尚、本実施形態における阻止棒14の阻止位置Sとは、図1及び図2に示すように、阻止棒14が水平状態であって且つ車両進行方向Gに略直交して延びる状態を意味する。一方、本実施形態における阻止棒14の許可位置Kとは、図3に示すように、阻止棒14が水平状態であって且つ車両進行方向Gに略平行して延びる状態を意味する。
【0031】
阻止棒14は、図1及び図2に示すように、その表面に、車両の衝突を検知するための衝突検知センサ(検知部)141が設けられている。この衝突検知センサ141は、いわゆる圧電素子であって、車両の衝突によって阻止棒14に変形が生じると、その機械的変位を電気信号に変換し、制御部に対して検知信号を発する。尚、衝突検知センサ141としては、本実施形態の圧電素子に代えて、いわゆるマイクロスイッチ等を用いてもよい。
【0032】
次に、第1実施形態に係る遮断機10の機能構成について説明する。図4は遮断機10及び周辺機器の機能構成を示す機能ブロック図である。遮断機10においては、阻止棒14に設けられた衝突検知センサ141と、駆動軸12の電動機15と、がそれぞれ制御部16に対して電気的に接続されている。さらに、この制御部16には、遮断機10の外部に設けられた操作部17が電気的に接続されている。そして、制御部16は、衝突検知センサ141又は操作部17からの入力に基づいて、電動機15の制御を行うように構成されている。
【0033】
また、遮断機10の外部には、周辺機器として、車両検知器18、路側アンテナA及び上記操作部17がそれぞれ接続された車線サーバ19が設けられている。また、この車線サーバ19は、遮断機10の電動機15に対して電気的に接続されている。
【0034】
車両検知器18は、例えば車両通行路の両側に設置された複数対の光センサにより構成されており、料金所ゲートへの車両の進入と退出を検知するように構成されている。
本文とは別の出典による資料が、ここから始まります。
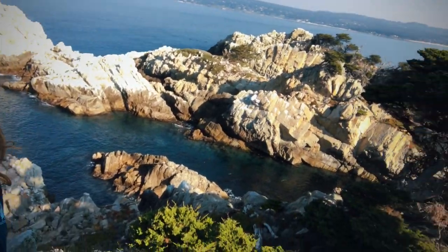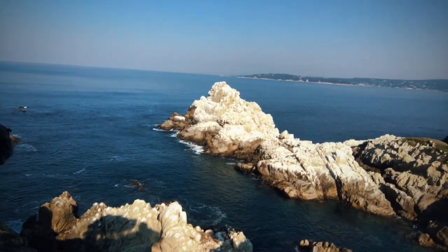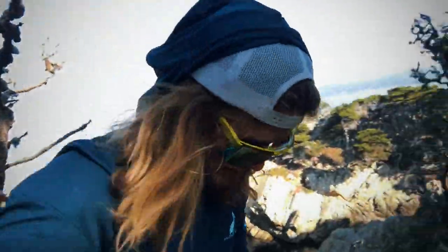Whoa, check this out. If you look over here, it's still crystal clear blue and there's a whole bunch of bird poop on those rocks. Goodness gracious, great balls of fire, this is awesome.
即ち、この車両検知器18は、例えば料金所ゲートの入り口側(遮断機10の車両進行方向G前方側)に設置された第一の光センサによって該料金所ゲートへの車両の進入を検知する一方、料金所ゲートの出口側(遮断機10の車両進行方向G前方側)に設置された第二の光センサによって該料金所ゲートからの車両の退出を検知するようになっている。
【0035】
路側アンテナAは、例えば遮断機10よりも車両進行方向G後方側に設置されており、車両が料金所ゲートを通過する際、該車両に搭載された車載器と必要な情報を送受信するように構成されている。
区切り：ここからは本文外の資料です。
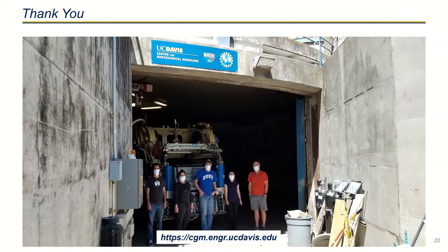Thank you for your attention. For any additional information about the center, please visit our website, which is shown here below.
そして、車線サーバ19は、車両検知器18及び路側アンテナAからの出力に基づいて、遮断機10の電動機15の制御を行うように構成されている。
【0036】
また、操作部17は、料金所周辺に設置された料金所係員の居室に設置されており、例えば「開ボタン」や「閉ボタン」の押下に基づいて、車線サーバ19に対して阻止棒の開閉要求を出力する。車線サーバ19は、この開閉要求に基づいて電動機15に指令を発することで阻止棒14を開閉させる。なお、操作部17は、料金所から離れた位置にある監視センター等に設置した構成であってもよい。
【0037】
さらに、この操作部17は、上述したように、遮断機10の制御部16に対しても接続されており、例えば「リリース復帰ボタン」操作することにより送出されるリリース復帰指令が制御部16に入力されるように構成されている。
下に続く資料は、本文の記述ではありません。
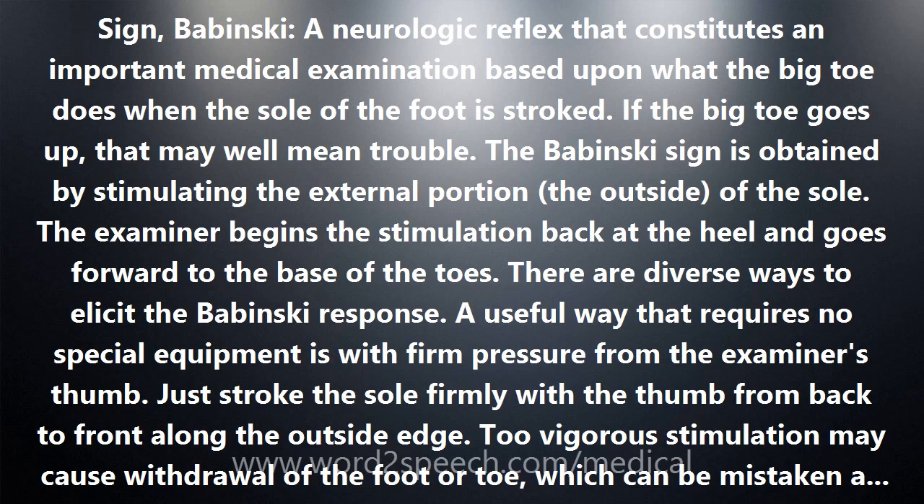The examiner begins the stimulation back at the heel and goes forward to the base of the toes. There are diverse ways to elicit the Babinski response. A useful way that requires no special equipment is with firm pressure from the examiner's thumb — just stroke the sole firmly from back to front along the outside edge. Too vigorous stimulation may cause withdrawal of the foot or toe, which can be mistaken as a Babinski response.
なお、操作部17は車線サーバ19に接続されておらず、制御部16のみに接続された構成であってもよい。この場合、操作部17を操作することにより出力される開閉要求は制御部16に入力され、該制御部16はこの開閉要求に基づいて電動機15を制御することで阻止棒14の開閉動作を行う。
【0038】
次に、本実施形態の遮断機10の作用について説明する。
車両通行路Rに車両が進入しておらず遮断機10が待機状態の際には、図1に示すように、阻止棒14はホームポジションである阻止位置Sにある。
【0039】
始めに、上記のように待機状態の遮断機10を備えた料金所ゲートに車両が進入した際の阻止棒14の開閉動作の処理手順について説明する。この阻止棒14の開閉動作は、車線サーバ19の制御によって行われる。図5は、車線サーバ19が実行する阻止棒14の開閉動作の処理の流れを示すフローチャートである。
【0040】
まず、車線サーバ19は、車両検知器18が料金所ゲートへの車両の進入を検知したか否か、即ち、車両検知器18からのON信号(車両検知信号)が入力されたか否かを判定する(S11)。その結果、車両検知器18からOFF信号が入力されていると判定した場合(S11:No)、車線サーバ19は、車両検知器18からON信号が入力されるまで待機する。一方、車両検知器18からからON信号が入力されたと判断した場合(S11:Yes)、車線サーバ19は、路側アンテナAに対して車載器情報の受信指令を送出し(S12)、路側アンテナAはこの信号に基づいて車両に搭載された車載器と通信を開始する。
【0041】
次いで、車線サーバ19は、路側アンテナAが受信した車載器情報に基づいて、料金所ゲートを通過しようとしている車両が正常車両であるか異常車両であるかの別を判断する(S13)。その結果、異常車両であると判断した場合(S13:No)、車線サーバ19は異常処理を行い(S14)、阻止棒14を阻止位置Sに維持する。これにより、車線サーバ19の処理が終了する。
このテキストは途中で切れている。